Distance measurement in Astronomy

Being able to measure the distances of astronomical objects is very important in our understanding of the scale of the Universe.

Radar

The distance from the Earth of objects in the Solar System can be measured using radar. A pulse is sent out and the time taken for the reflected pulse to be received is recorded. Knowing the speed of radar in free space and the time between transmission and reception the radar pulse enables us to find the distance of the object.

For example the time between the radar pulse being sent out and the reflected pulse being received would be 2.5 s for the Moon and up to 50 minutes for Jupiter and around five and a half hours for Pluto. (The last two numbers depend on the relative positions of the Earth, Jupiter and Pluto in their orbits)

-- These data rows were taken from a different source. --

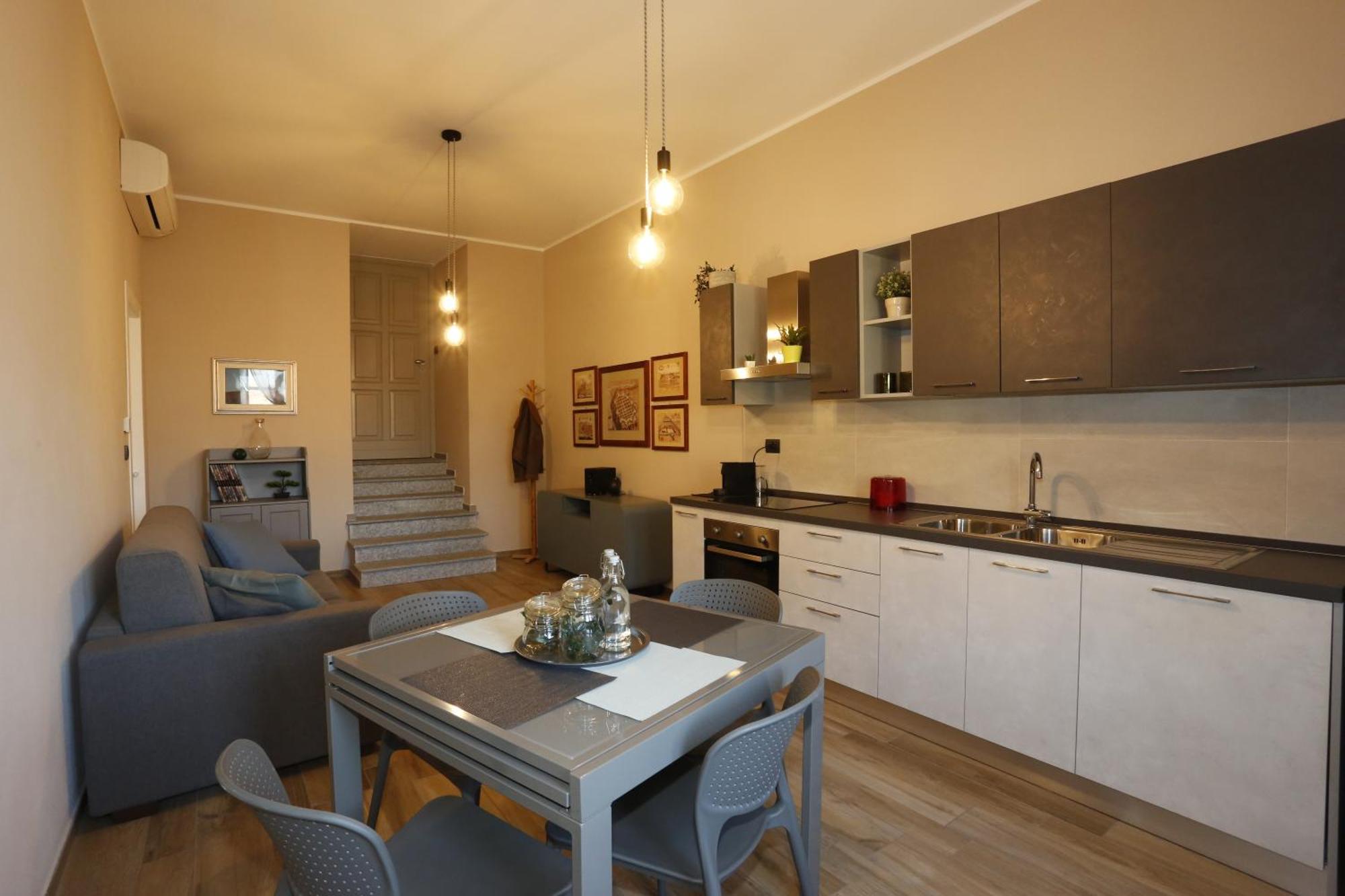 Via Roma Guest House Cherasco Luaran gambar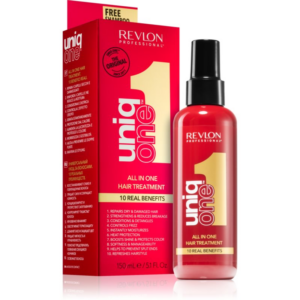 Revlon Professional Uniq One All In One Classsic regeneráló kúra minden hajtípusra 150 ml-Eredeti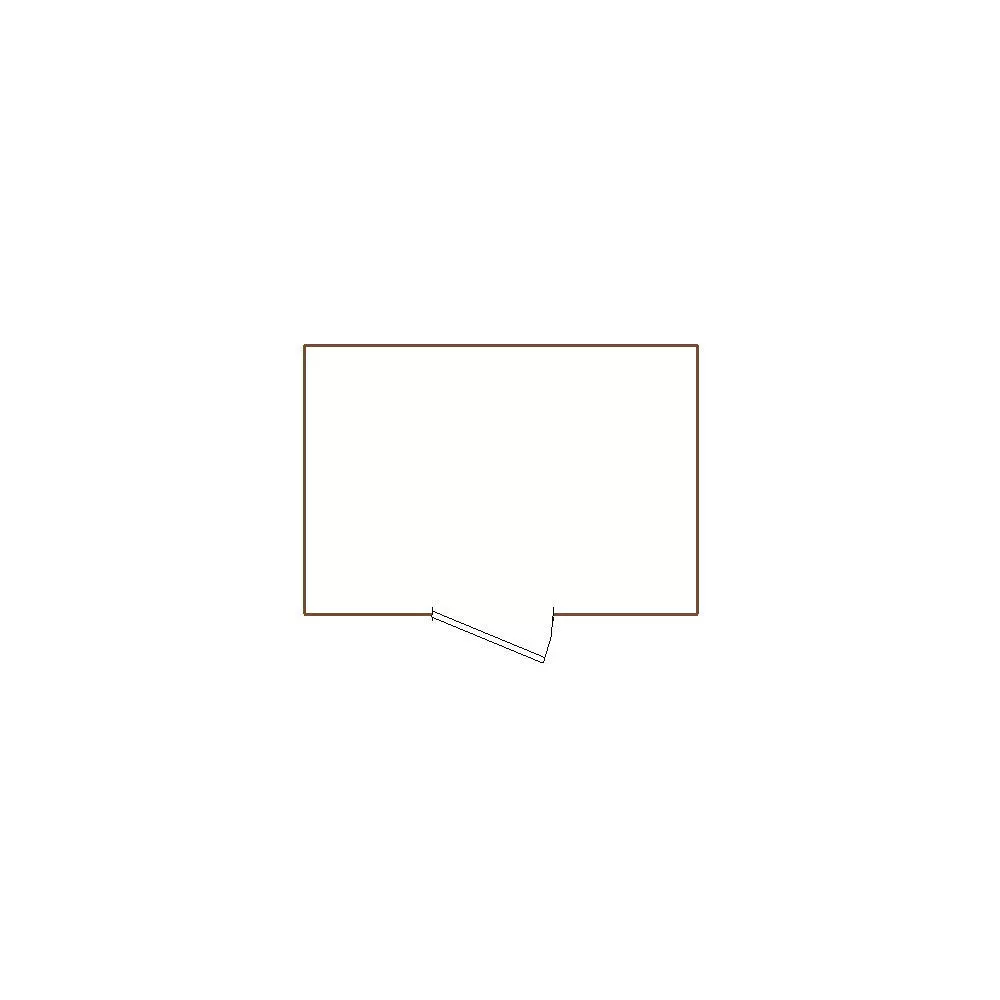 Detailed Exterior Sketch by Aerial - 1-5 SQ - Xactimate 3D model_2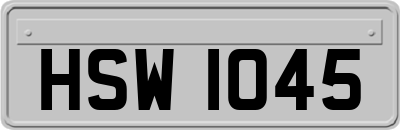 HSW1045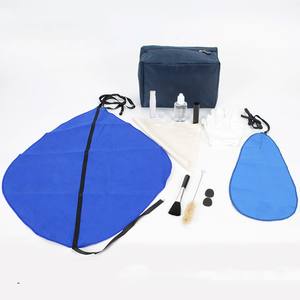Kit de Limpieza y Cuidado para Saxofón WBG: Aceite, Grasa, Hisopo, Paño de Limpieza, Reposapalmas, Boquilla, Cepillo y Aceite para Saxofón - Product Image 1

For objects outside the solar system other methods have to be found.

Parallax

You can find the distances of stars that are 'relatively close' to the Earth using parallax.

A very simple example of parallax is to hold one forefinger upright about 30 cm in front of your nose and close your right eye. Using just your left eye line up your forefinger with an object on the other side of the room. Now open your right eye and close your left eye. Your finger appears to move against the background.

To understand exactly what is meant by parallax go and stand at one end of the lab, you will be the observer. Now get one member of your class to stand at A in the middle of the lab (they represent a star that is close to the Earth and we will call them the 'nearby star') and some others to stand at the far end (they represent distant stars). Look the 'nearby star' and see which of the 'distant stars' lie in line with it (See Figure 1).

Now walk across the lab to Position 2 and check again which of the 'distant stars' is in line with the 'nearby star ', you will see that the apparent position of the 'nearby star' compared with the distance stars has changed.

The angle between the two directions in positions 1 and 2 is 2P, and half that angle is called the PARALLAX (P) of the 'nearby star'.
Now look at the 'nearby star' when it is in position B. The parallax here is Q and you can see two things about the 'nearby star' now:
(a) it is further away from the observer
(b) the parallax of the star is smaller than that of the 'star' at A

Figure 2 shows the use of parallax to measure the distance of an actual star – say Alpha Centauri. This time the 'base line' is the diameter of the Earth's orbit – in other words a line joining the position of the Earth at two points six months apart.



The direction of Alpha Centauri is measured against the background of the distant stars at the two points P₁ and P₂. The angle 2A is measured and so the parallax (angle A) can be found.

If you know the angle A and the radius of the Earth's orbit (R) you can find the distance of the star (D). Stars that are close to the Earth clearly have a larger parallax than ones far away.

Even nearby Stars are so far away that their direction changes only slightly against the background of the distant stars when seen from points on the Earth's orbit six months apart.

Nearby stars have a parallax of only a fraction of a second of arc (one second of arc is 1/3600 of a degree).

In the example shown Alpha Centauri (distance 4.3 light years) has a parallax of 0.75 " of arc.

A more distant star such as Spica in the constellation of Virgo, which is 220 light years away, has a parallax of only 0.023".

The Parsec

Astronomers use the parallax of the star to define a new distance unit called the PARSEC.



The radius of Earth's orbit = 1.5x10¹¹ m and therefore if the parallax of a star is 1" the distance can be found from:

tan(1") = 1.5x10¹¹/d so d = 3.06 x10¹⁶ m (See Figure 3)

Distances between galaxies are usually measured in millions of parsecs or Mega parsecs (Mpc).



The parallax of a number of stars is shown in the following table.



At distances much greater than this the parallax method becomes impossibly difficult to measure. Remember that 1" of arc is the angle subtended by a human head almost ¾ of a kilometre away. Therefore the parallax of Castor is the same as the angle subtended by a human head at a distance of almost 750 km!